What is needed: Beginning at whichever line contains "Hliníkový zahradní nábytek", reproduce each line of the records below word for word, ending with the last, and add nothing.

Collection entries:
== Segment start ==
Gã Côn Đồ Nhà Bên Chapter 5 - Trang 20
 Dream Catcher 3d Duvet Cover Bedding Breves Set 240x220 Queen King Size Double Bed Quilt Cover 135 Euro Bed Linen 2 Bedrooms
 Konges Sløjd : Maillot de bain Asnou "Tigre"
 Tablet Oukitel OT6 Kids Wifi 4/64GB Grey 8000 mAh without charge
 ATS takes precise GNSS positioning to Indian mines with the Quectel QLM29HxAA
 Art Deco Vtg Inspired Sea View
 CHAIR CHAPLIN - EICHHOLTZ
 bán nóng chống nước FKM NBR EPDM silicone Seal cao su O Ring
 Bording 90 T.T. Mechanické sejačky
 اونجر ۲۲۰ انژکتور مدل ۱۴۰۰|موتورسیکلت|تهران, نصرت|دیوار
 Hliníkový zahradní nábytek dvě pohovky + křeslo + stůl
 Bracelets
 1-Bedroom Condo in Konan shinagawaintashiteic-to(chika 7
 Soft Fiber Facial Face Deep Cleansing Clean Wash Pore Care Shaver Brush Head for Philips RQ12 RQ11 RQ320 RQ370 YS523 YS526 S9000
== Segment end ==
Task solution:
 Hliníkový zahradní nábytek dvě pohovky + křeslo + stůl
 Bracelets
 1-Bedroom Condo in Konan shinagawaintashiteic-to(chika 7
 Soft Fiber Facial Face Deep Cleansing Clean Wash Pore Care Shaver Brush Head for Philips RQ12 RQ11 RQ320 RQ370 YS523 YS526 S9000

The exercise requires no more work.